Exercise aim: Pictures are not part of the copy. Reproduce all the records exactly.
== Extracted information
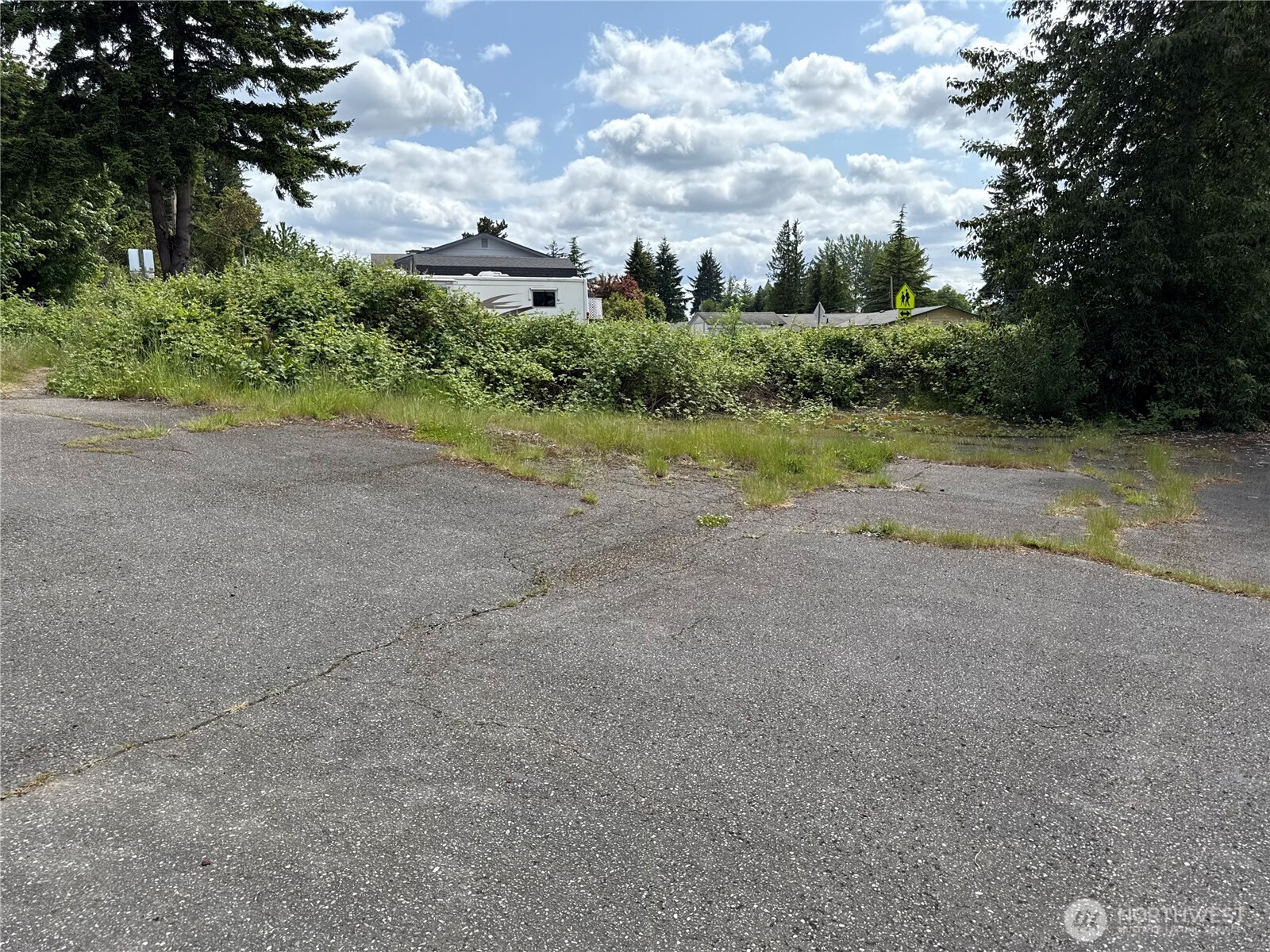2723 Lincoln Avenue Property Photo 3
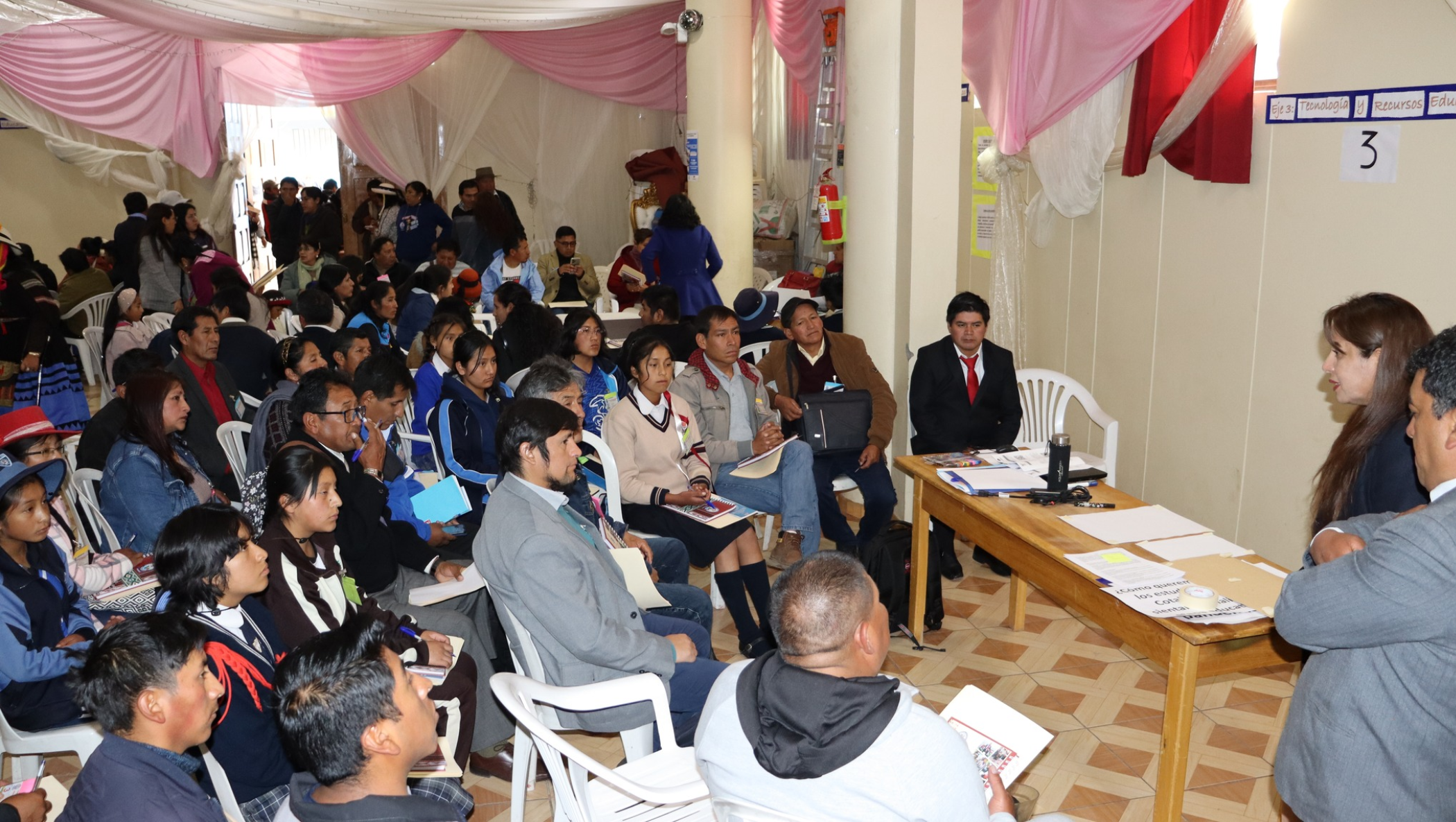 Trabajo en grupo, los asistentes construyendo una visión educativa compartida al 2036 y planteando objetivos estratégicos que reflejen las aspiraciones de la comunidad educativa.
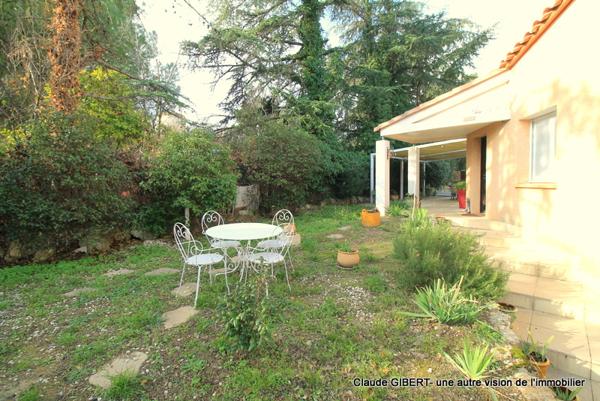 Poussan (34560) Maison T5 de plain-pied avec piscine, garage sur une parcelle de 583 m2 proche du centre-ville de Poussan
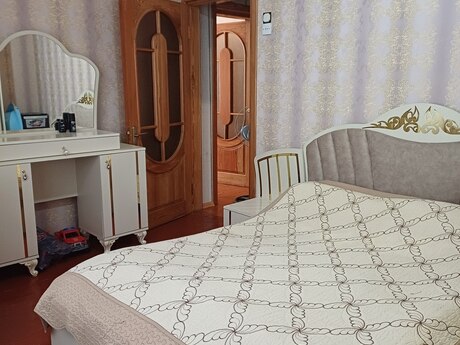 Продаётся 3-комнатная квартира в старом фонде, Nərimanov, 70 м², 150 000 AZN, фото 3 / 11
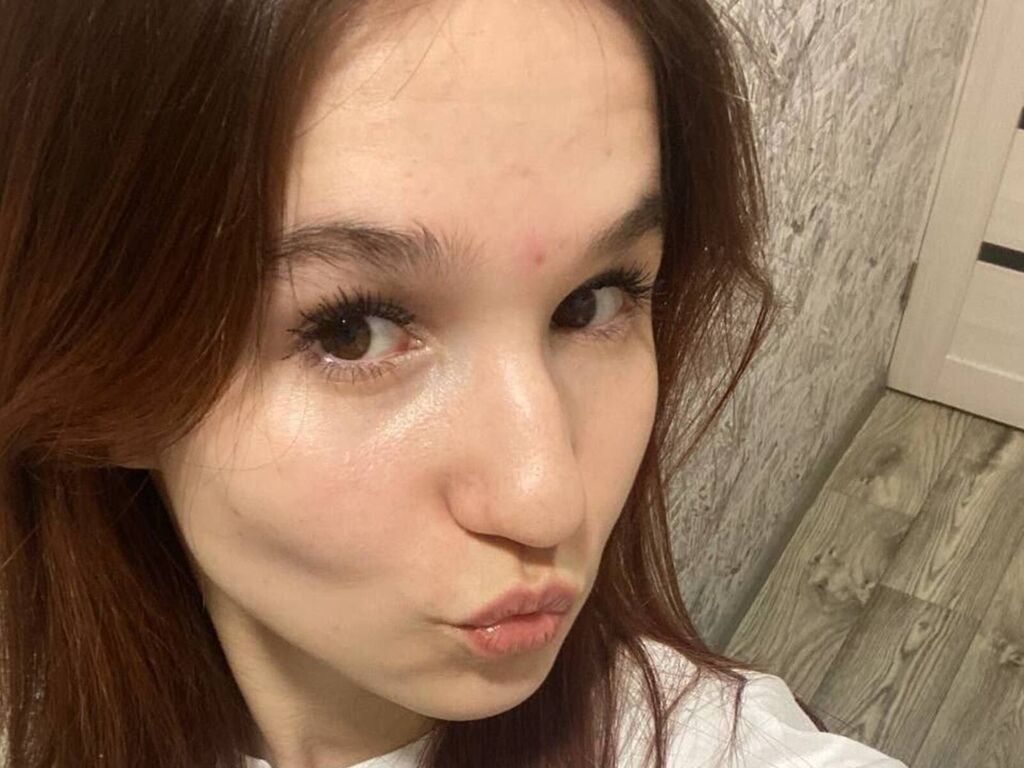 Evahollaway's profile - Image n°0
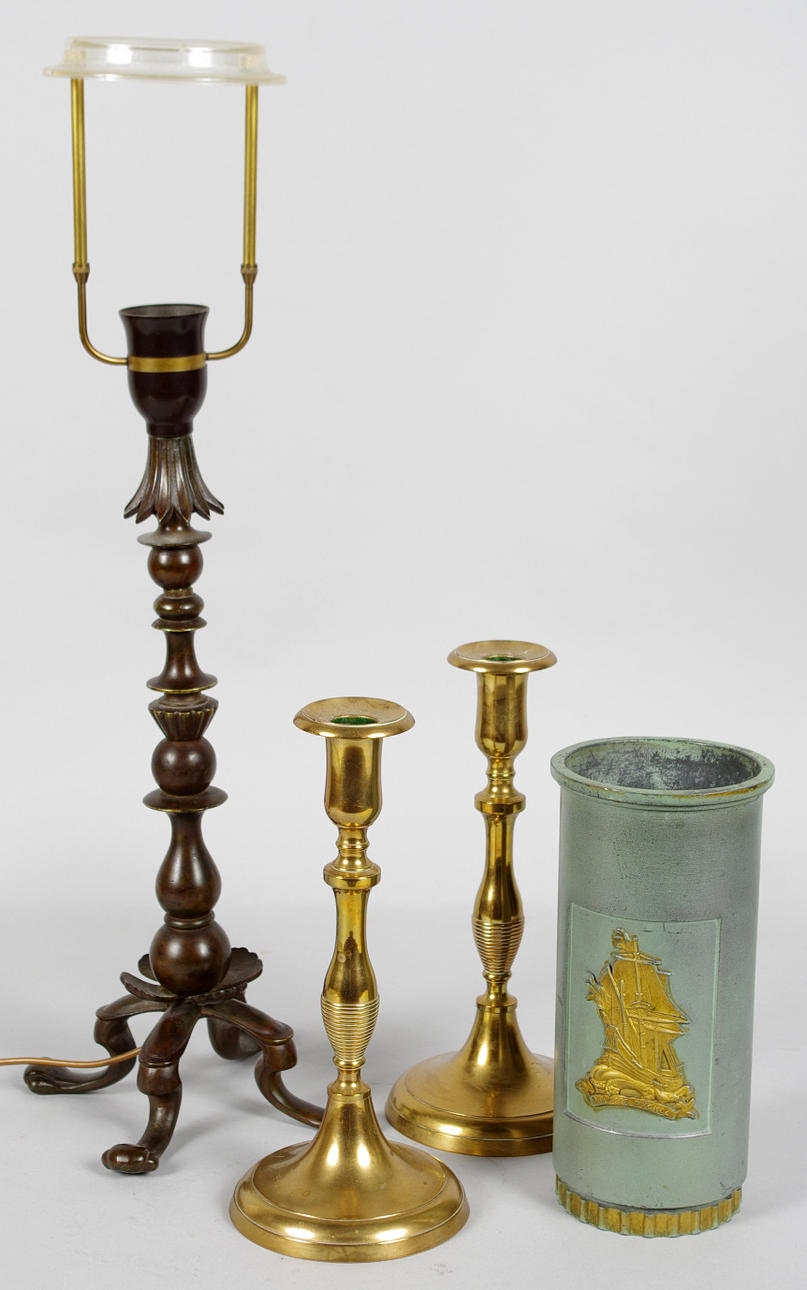 BORDSLAMPA, VAS SAMT 1 PAR LJUSTAKAR, brons, mässing.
====
Exercise response:
2723 Lincoln Avenue Property Photo 3
 Trabajo en grupo, los asistentes construyendo una visión educativa compartida al 2036 y planteando objetivos estratégicos que reflejen las aspiraciones de la comunidad educativa.
 Poussan (34560) Maison T5 de plain-pied avec piscine, garage sur une parcelle de 583 m2 proche du centre-ville de Poussan
 Продаётся 3-комнатная квартира в старом фонде, Nərimanov, 70 м², 150 000 AZN, фото 3 / 11
 Evahollaway's profile - Image n°0
 BORDSLAMPA, VAS SAMT 1 PAR LJUSTAKAR, brons, mässing.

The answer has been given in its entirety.